What is expected: Your answer should hold only the lines from the start of the data below through the line with "Date added=Aug 15, 2012 DSC_0130~5.jpg", copied exactly, with pictures left out.

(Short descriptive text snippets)
------------------------------------------------------------------------
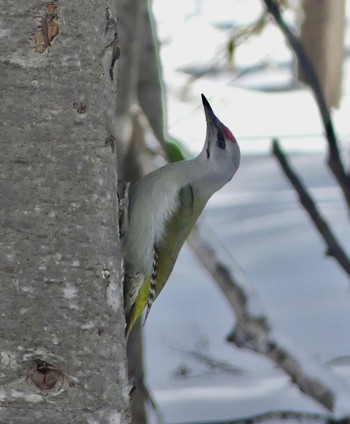 Grey-headed Woodpecker Makomanai Park Fri, 3/8/2024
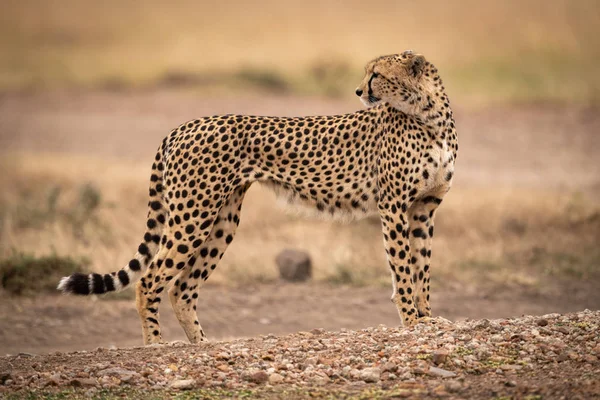 Cheetah Tient Sur Piste Terre Regardant Arrière — Photo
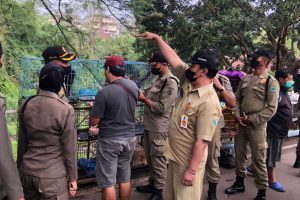 Petugas dari Pemkot Malang, saat mendatangi kio-kios pedagang kucing di Splendid. (ist) - Dispangtan Kota Malang Akan Disinfeksi Kandang Kucing di Splendid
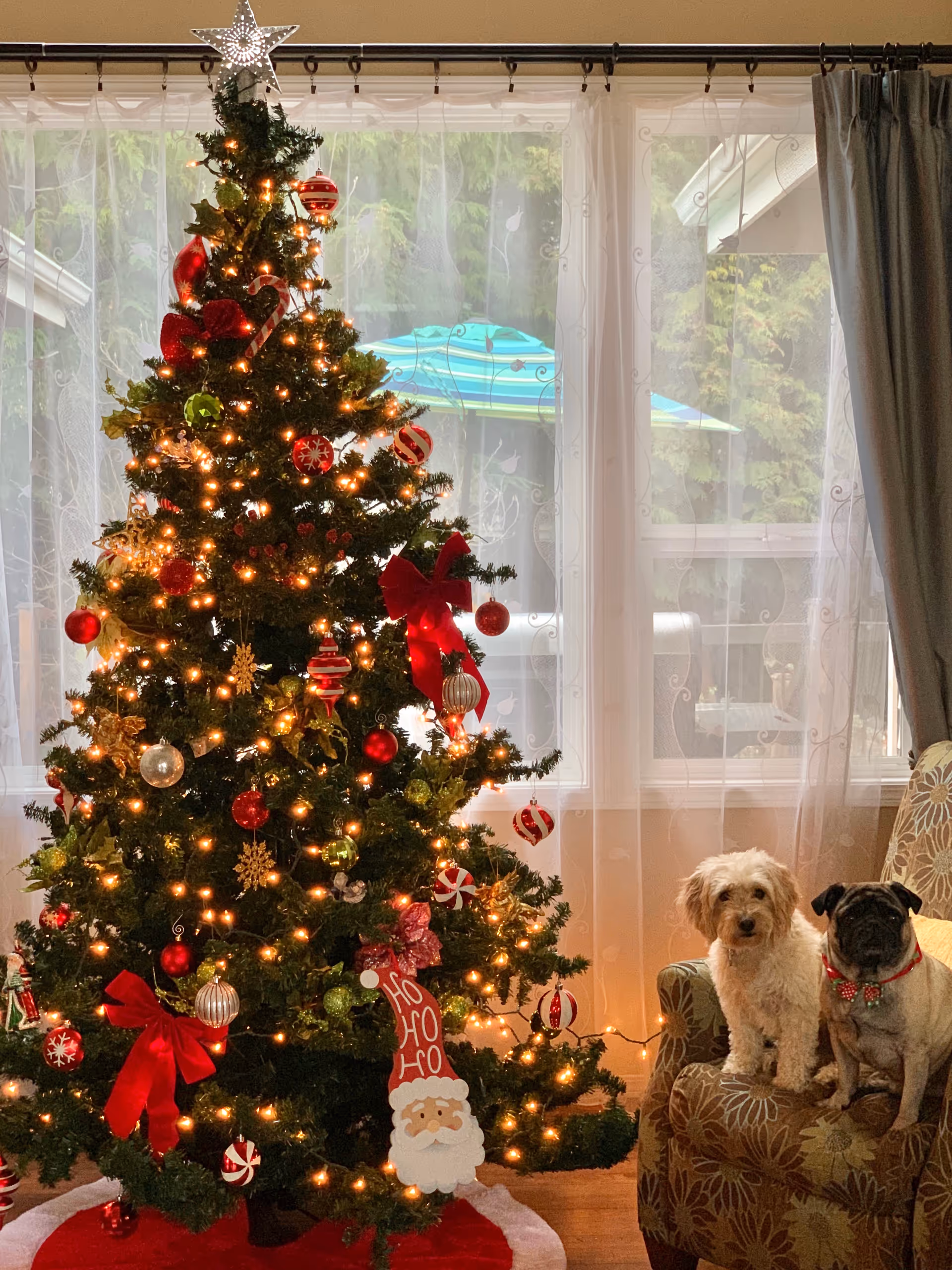 Decorated Christmas tree glows with lights beside two dogs on a patterned armchair.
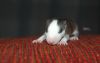 Filename=DSC_0130~5.jpg
Filesize=73KiB
Dimensions=1200x760
Date added=Aug 15, 2012 DSC_0130~5.jpg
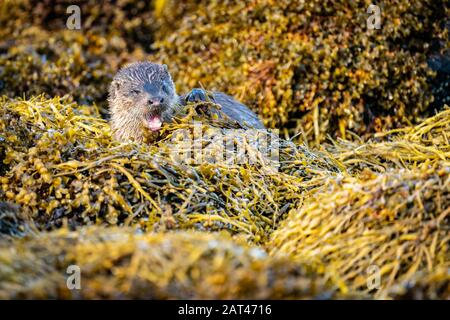Nahaufnahme der gähnenden europäischen Otter (Lutra Lutra), die auf einem Bett aus Algen ruht Stockfoto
------------------------------------------------------------------------
Output for this task:
 Grey-headed Woodpecker Makomanai Park Fri, 3/8/2024
 Cheetah Tient Sur Piste Terre Regardant Arrière — Photo
 Petugas dari Pemkot Malang, saat mendatangi kio-kios pedagang kucing di Splendid. (ist) - Dispangtan Kota Malang Akan Disinfeksi Kandang Kucing di Splendid
 Decorated Christmas tree glows with lights beside two dogs on a patterned armchair.
 Filename=DSC_0130~5.jpg
Filesize=73KiB
Dimensions=1200x760
Date added=Aug 15, 2012 DSC_0130~5.jpg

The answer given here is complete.